Life has been much easier ever since the automobile has been around. From traveling to shipments, pretty much everything now depends on them. Most of us currently own a car or have driven one sometime in the past, yet surprisingly, the number of people who actually know what goes on under the hood of their car is quite small.
Because of this, people who don’t know much about how their car works tend to believe what others say around them even if it's about the most basic stuff. The big downside to this is that it gives credibility to certain facts that end up being nothing more than complete myths despite the fact that they sound really cool and you desperately want them to be true. We set out to search for some of the most famous ones and came up with this list of 22 car myths that we thought were true but were debunked later. Most of these will help you learn more about cars, but some might even end up saving you money.
22 Manual Transmission Offers Better Fuel Economy
While an automatic transmission is pretty common in the United States, in Europe and Asia, people generally prefer driving a manual. Most people have their own set of reasons behind why a manual is better than an automatic, but the most widely held belief is that a manual transmission offers much better fuel economy than an automatic.
This might’ve been true many years ago when the automatic transmission was a fairly new technology, but recent advances, such as the continuously variable transmission, have removed any advantage that a manual transmission had. In certain cases, it's even better. It all now comes down to your own personal preference, and most car enthusiasts are definitely still going to prefer a manual transmission over an automatic one.

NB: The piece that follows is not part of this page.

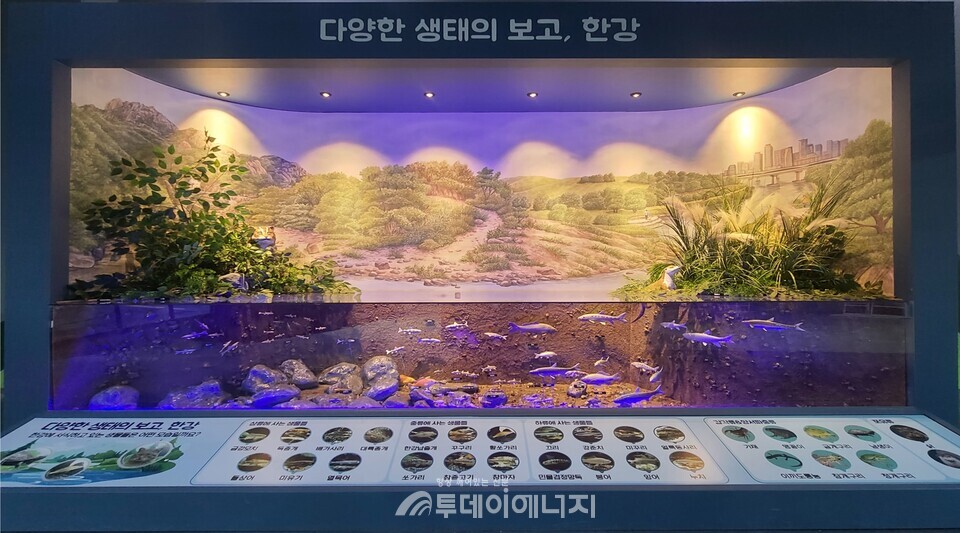 국립환경과학원은 경기도 양평균 소재 한강물환경생태관광을 생태체험과 전시공간으로 개편했다고 밝혔다. / 국립환경과학원 제공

21 Flying Cars Are The Future
We’ve been hearing this ever since we were kids. This was what every single depiction of the future back in the day had, a huge metropolis with flying cars whizzing between the tall buildings.
Many of the technologies that were predicted back then have become a reality such as video-calling, smartphones, and such. Even automobile technology has come a long way since the days of past, with things like hybrid cars and self-driving vehicles. The whole flying car concept, however, is still around and kicking, but it doesn’t seem like it’ll ever come to fruition. There's just so much that's involved when it comes to getting a car airborne, and it gets even more ridiculous when we start thinking about making it a viable means of transportation for millions of people. Are self-driving cars the future? Definitely, but flying cars? Not so much.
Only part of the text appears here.